Obesity Clinical Trial
To conduct a community-based research and demonstration project in cardiovascular disease prevention in the town of Pawtucket, Rhode Island. Targeted risk factors included high blood pressure, elevated blood cholesterol, obesity, cigarette smoking, and sedentary living. To evaluate the program, risk factor surveys on a cross-sectional and cohort basis were conducted along with mortality and morbidity surveillance both in Pawtucket and in the non-intervention comparison town of New Bedford, Massachusetts.
BACKGROUND:
The Pawtucket Heart Health Program arose from a concern that the needs of society could not
be met through palliative treatment of coronary heart disease. In 1977, a program designed
to facilitate rehabilitation and, hopefully, to provide possible secondary preventive
measures for patients with symptomatic coronary heart disease was begun. Simultaneously, the
conviction grew that the national interest would be served by careful research into whether
or not coronary heart disease was preventable through modification of those aspects of
individual and group behavior which influenced the major cardiovascular risk factors in free
living populations.
The Pawtucket Heart Health Program was designed to foster community ownership and active
participation in a culture change process. A population-wide atherosclerosis risk factor
reduction was anticipated as a result of applying an independent variable based upon Social
Learning Theory. Emphases on individual factors, on physical environmental factors, and on
sociocultural influences on behavior were designed to produce persisting risk factor change
followed by morbidity - mortality rate reduction for the population of the city.
DESIGN NARRATIVE:
Selection of an intervention community and a control community was carried out early in the
design of the Pawtucket Heart Health Program. Census data, as updated through 1975, were
used to identify two communities with between 40,000 and 100,000 people and with stability
of in-migration and out-migration necessary for long-term follow-up. The two communities
were carefully matched for socio-demographic variables.

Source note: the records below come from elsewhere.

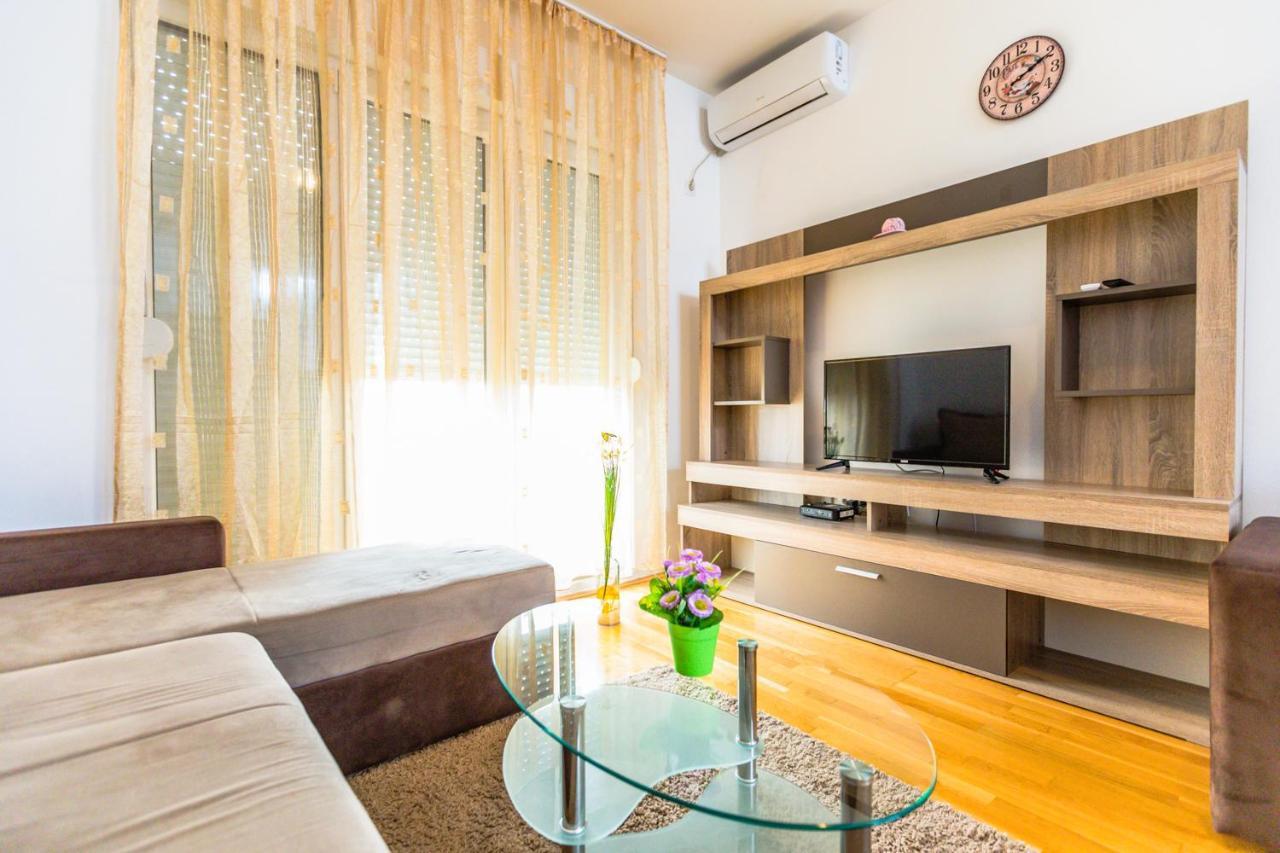 Naki Apartments Подгорица Экстерьер фото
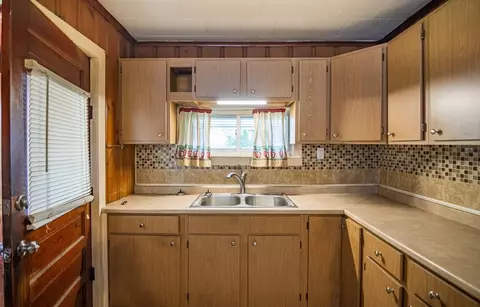12 Brookline St, Webster, MA 01570 photo 3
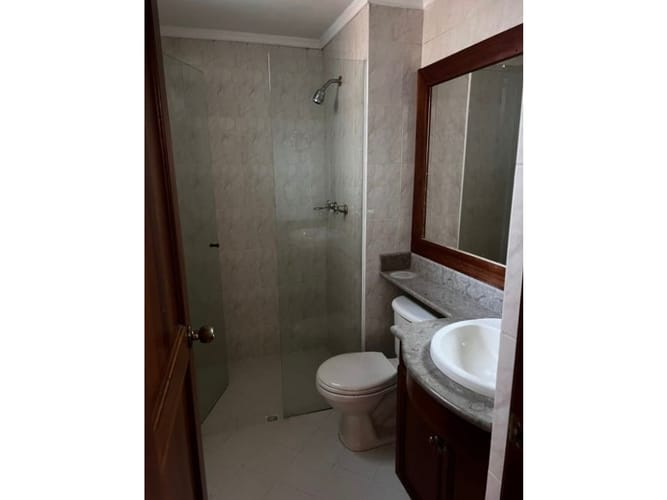 Apartamento de 3 alcobas en venta en El Tesoro, Medellín, 175 m² · foto 4 de 16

Both communities underwent baseline random-sample surveys which demonstrated similar levels
of cardiovascular risk factors in the populations of each city. Effective community
intervention began in 1983. Total intervention was 7.5 years. Specific objectives of the
intervention included a six percent reduction in total cholesterol, a 6 mm Hg reduction in
systolic blood pressure, a 30 percent relative reduction in active smokers, a two percent
reduction in body weight and body mass index, a 2 ml/kg/minute increase in estimated maximal
oxygen uptake, and a 15 percent reduction in fatal and non-fatal cardiovascular disease
event rates. Educational techniques used by the program included: print, radio and televised
messages; small group behavior change programs delivered by trained lay volunteers;
community and worksite-based blood pressure reduction, cholesterol and multiple-risk factor
screening, counseling and referral events; self-help programs; school curricula; smoking
prevention programs; risk behavior change competitions; shelf-labeling in grocery stores and
menu-labeling in restaurants to indicate low sodium and low fat foods.
The effectiveness of the program was evaluated by biennial random household risk factor
surveys, a morbidity and mortality surveillance system and other methods. In the risk factor
survey, households were randomly selected. Within each sampled household, a single
respondent was selected from eligible adults. A household interview and testing protocol was
administered in the home and includes questions about diet, exercise, smoking, behavior and
knowledge of cardiovascular disease. Physiological measures included height, weight, blood
pressure, total cholesterol, triglycerides, high-density-lipoprotein bound cholesterol and
serum cotinine. A subsample was given a step test to estimate maximum oxygen uptake as a
measure of fitness. A second subset completed a Willett diet questionnaire. There were five
cross-sectional household surveys of approximately 2,800 individuals per survey. The initial
cross-sectional survey was converted to a cohort survey for measurement again in 1986-1987
and in 1988-1989. The third cross-sectional survey was also converted to a cohort survey for
simultaneous measurement with the 1987-1988 and 1989-1990 cross-sectional samples.
Both communities were screened for morbidity and case-fatality rates for coronary heart
disease and stroke. Morbidity and mortality data were obtained from seven area hospitals and
the State Health Departments of Rhode Island and Massachusetts. Outcome criteria were
developed collaboratively by the Pawtucket Heart Health Program, the Stanford Five-City
Multifactor Risk Reduction Study, and the Minnesota Heart Health Program, to maximize the
scientific value of the conclusions drawn from the three studies and to allow pooling of
final data. Surveillance was complete for 1980 to 1983 and continued through 1993.
The study completion date listed in this record was obtained from the "End Date" entered in
the Protocol Registration and Results System (PRS) record.